== Task details ==
Print out all of the records exactly; no picture belongs in the result.

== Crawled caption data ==
=======
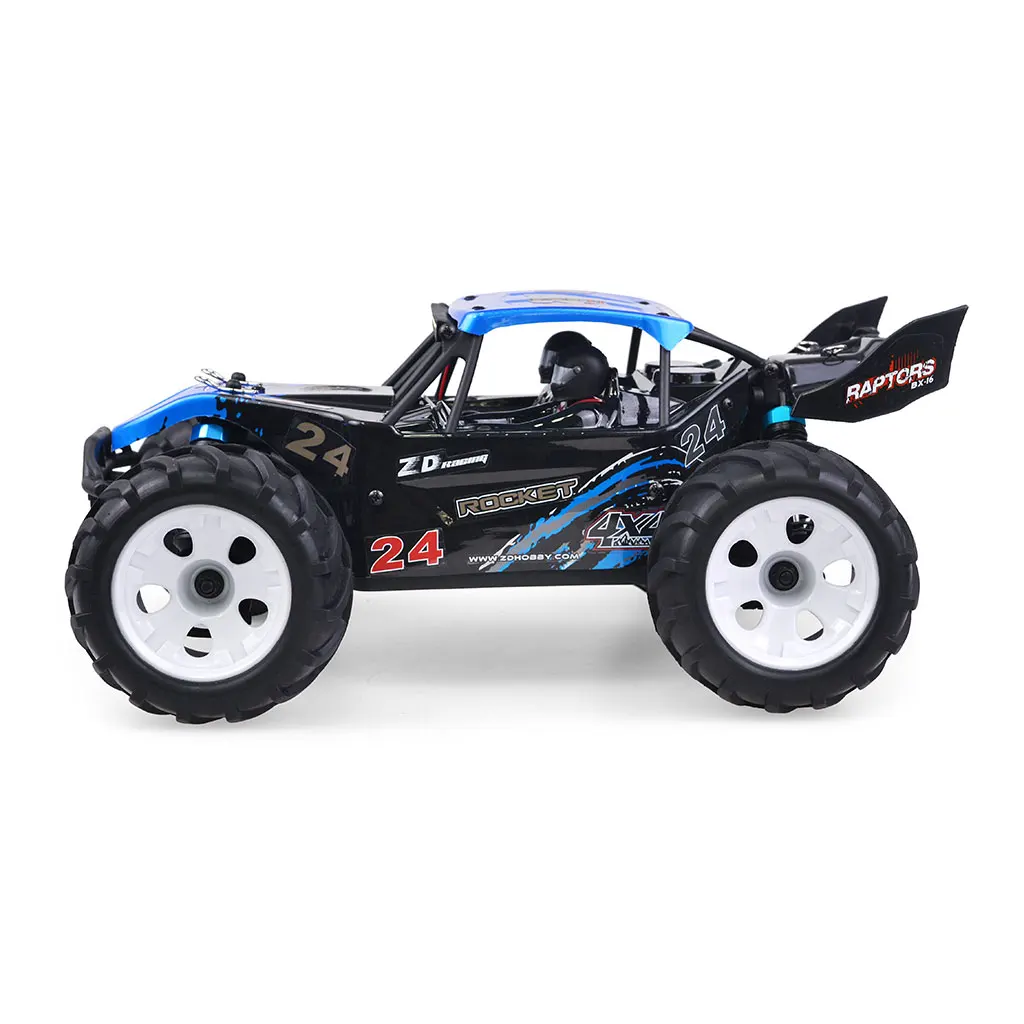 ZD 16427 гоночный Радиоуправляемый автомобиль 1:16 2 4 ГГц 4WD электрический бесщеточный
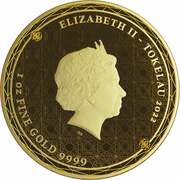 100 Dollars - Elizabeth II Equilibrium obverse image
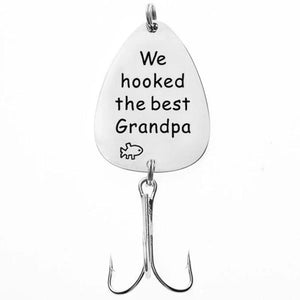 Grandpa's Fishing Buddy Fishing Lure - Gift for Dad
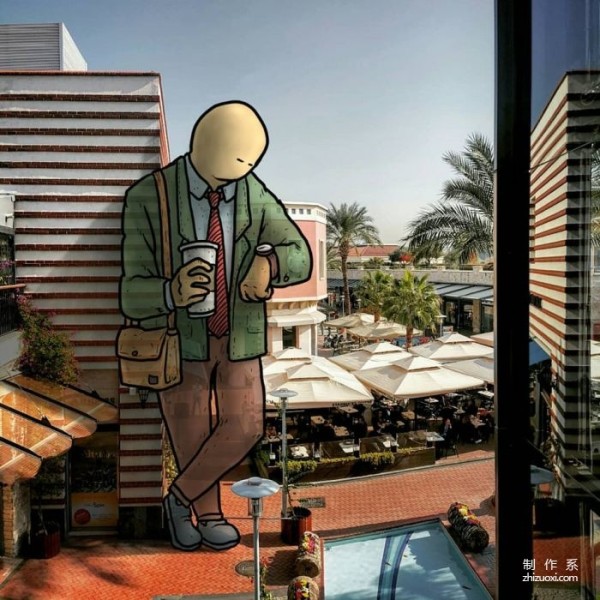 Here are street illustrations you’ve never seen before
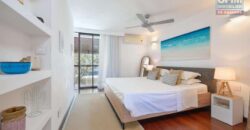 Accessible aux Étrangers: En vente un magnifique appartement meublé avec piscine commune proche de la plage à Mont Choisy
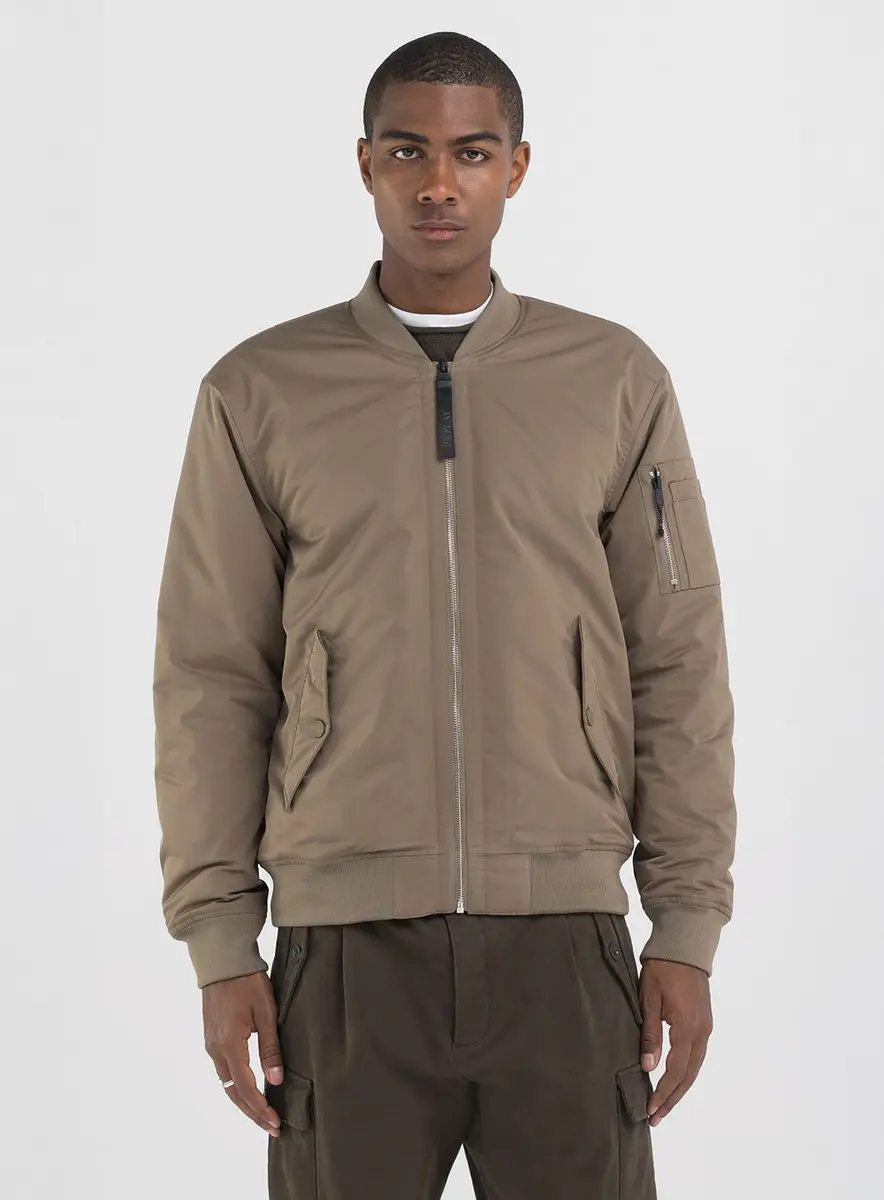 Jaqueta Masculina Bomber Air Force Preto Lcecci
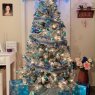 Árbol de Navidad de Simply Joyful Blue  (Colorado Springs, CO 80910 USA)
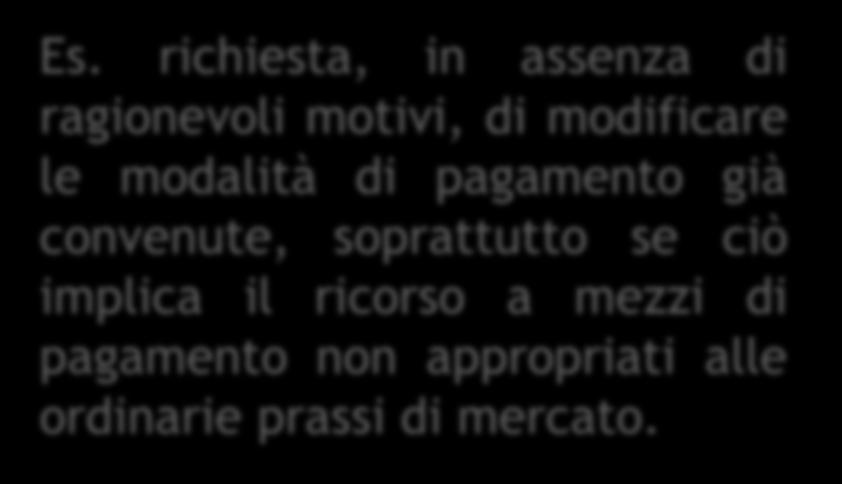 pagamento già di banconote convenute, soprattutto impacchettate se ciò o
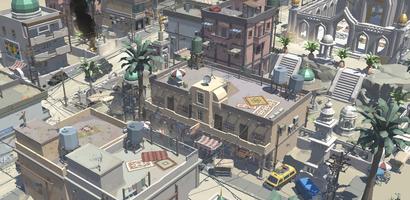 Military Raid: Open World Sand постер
=======
== Response below ==
 ZD 16427 гоночный Радиоуправляемый автомобиль 1:16 2 4 ГГц 4WD электрический бесщеточный
 100 Dollars - Elizabeth II Equilibrium obverse image
 Grandpa's Fishing Buddy Fishing Lure - Gift for Dad
 Here are street illustrations you’ve never seen before
 Accessible aux Étrangers: En vente un magnifique appartement meublé avec piscine commune proche de la plage à Mont Choisy
 Jaqueta Masculina Bomber Air Force Preto Lcecci
 Árbol de Navidad de Simply Joyful Blue  (Colorado Springs, CO 80910 USA)
 pagamento già di banconote convenute, soprattutto impacchettate se ciò o
 Military Raid: Open World Sand постер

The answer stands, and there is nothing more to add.